3. 教会は人間の探求の旅路にあって、メディアとの友好な関係を望んでおり、どんな形の協力も、すべての人の幸福のためになることを知っています。協力はまた、わたしたちが、互いをよく知り合うようになることも意味しています。時に、教会とメディアの関係は、互いの誤解により恐れや不信感を生み出してしまうほどに傷つけられてしまうことがあります。教会の文化とメディアの文化に違いがあることは確かで、事実、全く対立する場合もあります。しかし、違いが友情や対話を不可能にする理由などはありません。多くの深い友好関係で、まさに違いこそが、創造性や橋渡しを可能にしているのです。

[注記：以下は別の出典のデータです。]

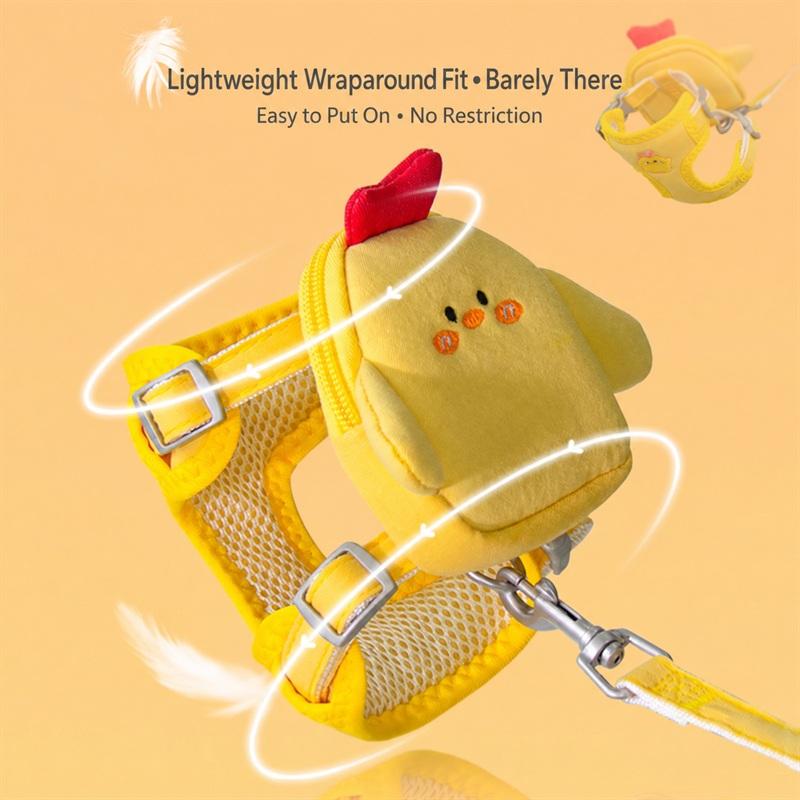 Cute Cartoon Chick Comfortable Pet Harness with Detachable Backpack and Buckle & Zipper Closure for Small Cats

 教会の記憶の文化は、メディアの移ろいやすい「ニュース」の文化が、希望をむしばんでしまう忘却に陥ってしまうことから救うことができます。そしてメディアの助けによって、教会は、人々の日々の生活の現実に則して、いつも新しい方法で福音を宣べ伝えることができるのです。教会の知恵の文化は、メディアの情報文化が、意味のない事実の累積になってしまうことを防ぎ、メディアは、教会の知恵が、いままさに現れている一連の新しい知識に、気づいていられるよう助けてくれるのです。教会の喜びの文化は、メディアの娯楽文化が、魂のこもらない、真理と責任からの逃避に走ってしまうことから救うことができ、メディアは教会に、人々に訴え、喜ばせることさえできるように広報する方法をよりよく理解させてくれます。以上のことは、友情の精神と深いレベルでの密接な協力によって、教会とメディアの双方が、人生の意味とその実現を探求する現代の人々に仕える上で、いかに助け合えるかを示すいくつかの例です。

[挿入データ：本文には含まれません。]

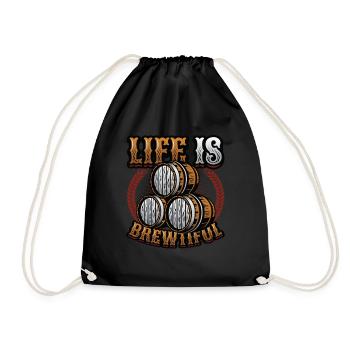 Life Is Brewtiful Craft Beer, Brewing, Brewmaster - Drawstring Bag - black - Front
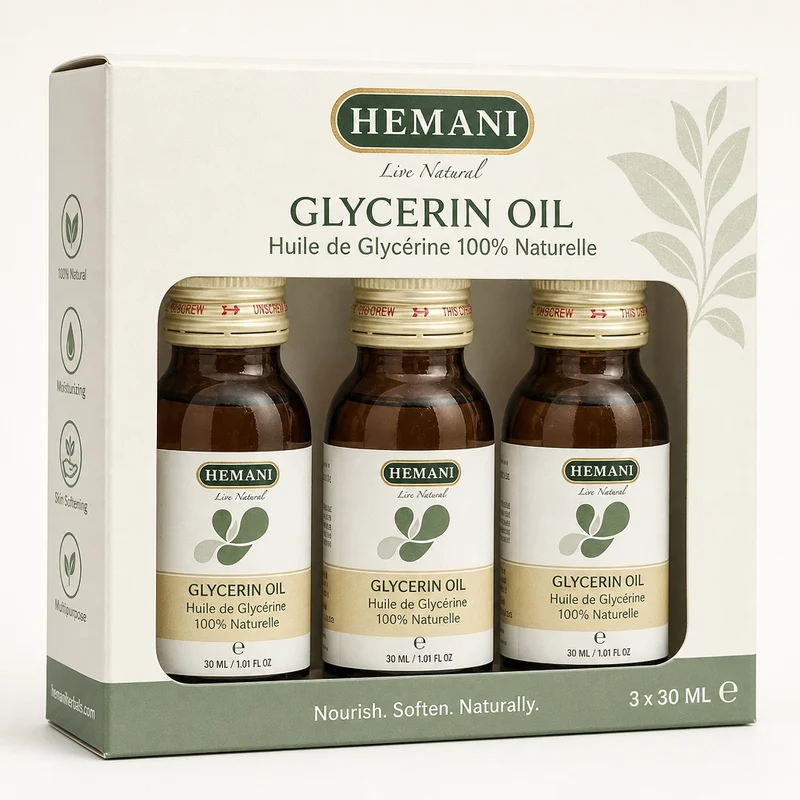 3 Huile de Glycérine 30mL 100% Naturelle Hemani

4. 最近の情報技術の爆発的な進歩によって、世界中で、個人とグループ間の意志疎通の可能性がかつてないほどに広がりました。しかし、逆に言えば、このよりよい意志疎通の手段が、自己中心主義と孤立を助長してしまうこともあるのです。ですから、わたしたちは、脅威と望みの時代に生きていると言えます。善意の人であれば、脅威がはびこり、人間の悲しみをさらに増してしまうようなことは望まないでしょうし、とりわけ、抱えきれないほどの悲しみに見舞われたこの世紀、そして千年期の終わりにはなおのことでしょう。

 かえってわたしたちは、新しい千年期に大きな希望を抱こうではありませんか。教会とメディアの双方に、脅威に望みが打ち勝ち、孤立に意志疎通が勝るよう協力する心構えがある人たちがいてくれることを信じながら。このことによって、メディアの世界は、よりいっそう、すべての人の親密な友となり、記憶と結ばれた「ニュース」や知識と結び付いた情報、喜びを伴った娯楽を提供することができるようになるでしょう。

 そしてさらに、教会とメディアが人類の幸福のために、ともに働ける世界が実現することでしょう。以上のようなことが、メディアの力が、破壊する力となってしまわずに、「すべてのものの父であり、…すべてのものの上にあり、すべてのものを通して働き、すべてのもののうちにおられる」(エフェソ4・6)神の愛を示す愛、創造する愛となるために要求されていることなのです。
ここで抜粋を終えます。